Звякнув, отскочила диадема.
К ногам центуриона потекла, расплываясь, черная полоса.
Здесь темнее, чем на агоре, потому кровь кажется черной. Лишь украшения, жадно ловя отдаленный свет, сияют почти как прежде.
— Чего смотришь? Снимай! — Центурион перевернул ее и дернул ожерелье на шее.
Он лихорадочно шарил по юному телу, так и не узнавшему мужской любви, срывая золотые цепочки, выдирая серьги из ушей, пытаясь расстегнуть — и не умея в спешке — массивные браслеты.
Мерзкий старик показался Фортунату чудовищем…
Юноше вывернуло все нутро. Он, заплетаясь ногами, поднялся чуть выше и опустился на выступ под алтарем у храма Артемиды.
Внизу от опрокинутых светильников и разлитого масла занималось бойким огнем сухое дерево столов и скамей. Толпа дерущихся то смыкалась с криком в тесную толкучку, то широко рассыпалась. Над площадью стоял стук и звон. И пронзительные стоны раненых.
По ступеням взлетел кто-то рослый, с коротким римским копьем. Атлет. Жених. Он дик и безумен…
Не успел Фортунат предостерегающе вскрикнуть, как над спиной центуриона сверкнул наконечник. Сверкнул — и погас глубоко в теле старика.

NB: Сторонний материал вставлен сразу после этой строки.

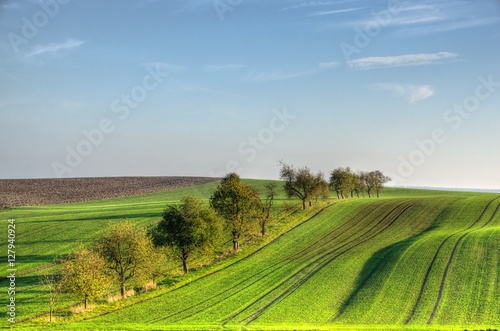 Felder mit Saat im Herbst photo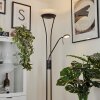 Lampadaire à vasque Chanlus LED Noir, 1 lumière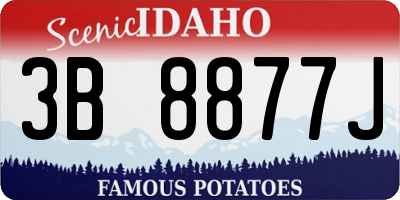 ID license plate 3B8877J
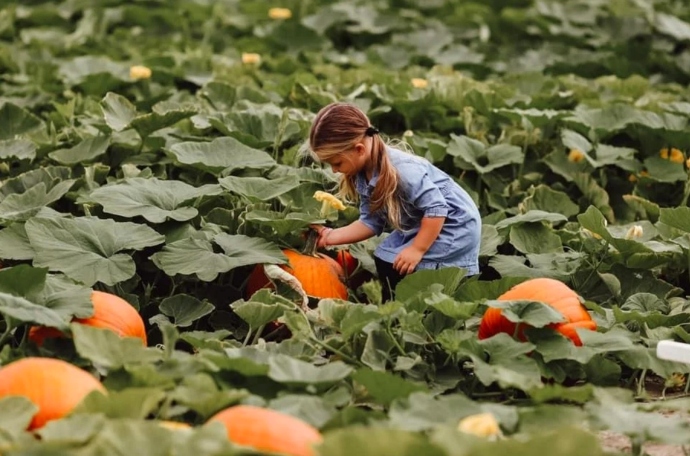 Best pumpkin patches in Virginia - Historic Greenbrier Farms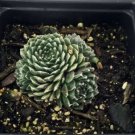 Sempervivum Frost Hens Chicks Forest In Out Live Plant Quart Pot Indoor Outdoor Garden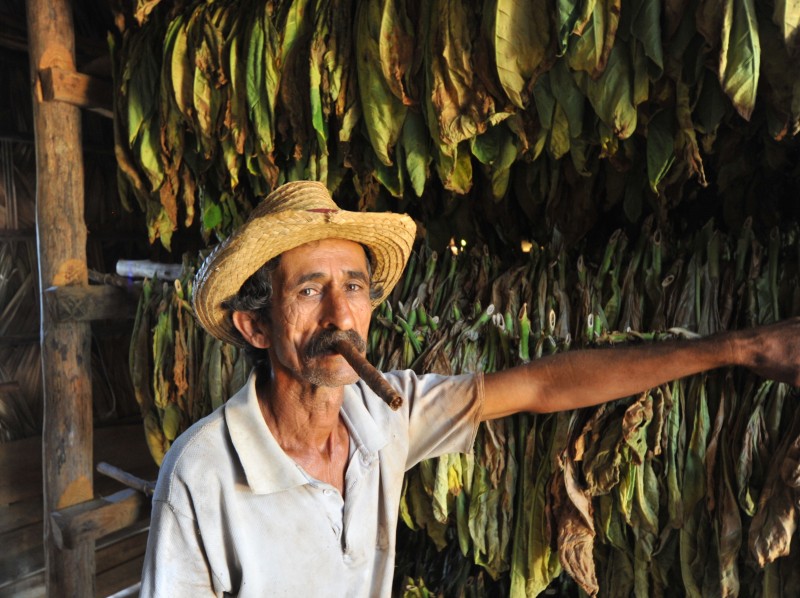 Pinar del Rio & Viñales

Покатились, прыгая со звоном, золотые браслеты.
Атлет оттащил мародера от невесты, бережно взял Дику на руки и осторожно, чтобы не споткнуться, двинулся, потерянный, вниз, на площадь.
Фортуната он не заметил. Или ему не стало дела до него, когда он увидел подругу в крови.
Римлянин мог бы, догнав, поразить его сзади мечом, но для этого у молодого солдата не было сил. Ни сил, ни охоты. «Слюнтяй», — сказал бы Тит. Он, шатаясь, спустился к отцу, взял за плечи, заглянул в лицо. Изо рта на бороду хлещет кровь. Борода сделалась черно-багровой.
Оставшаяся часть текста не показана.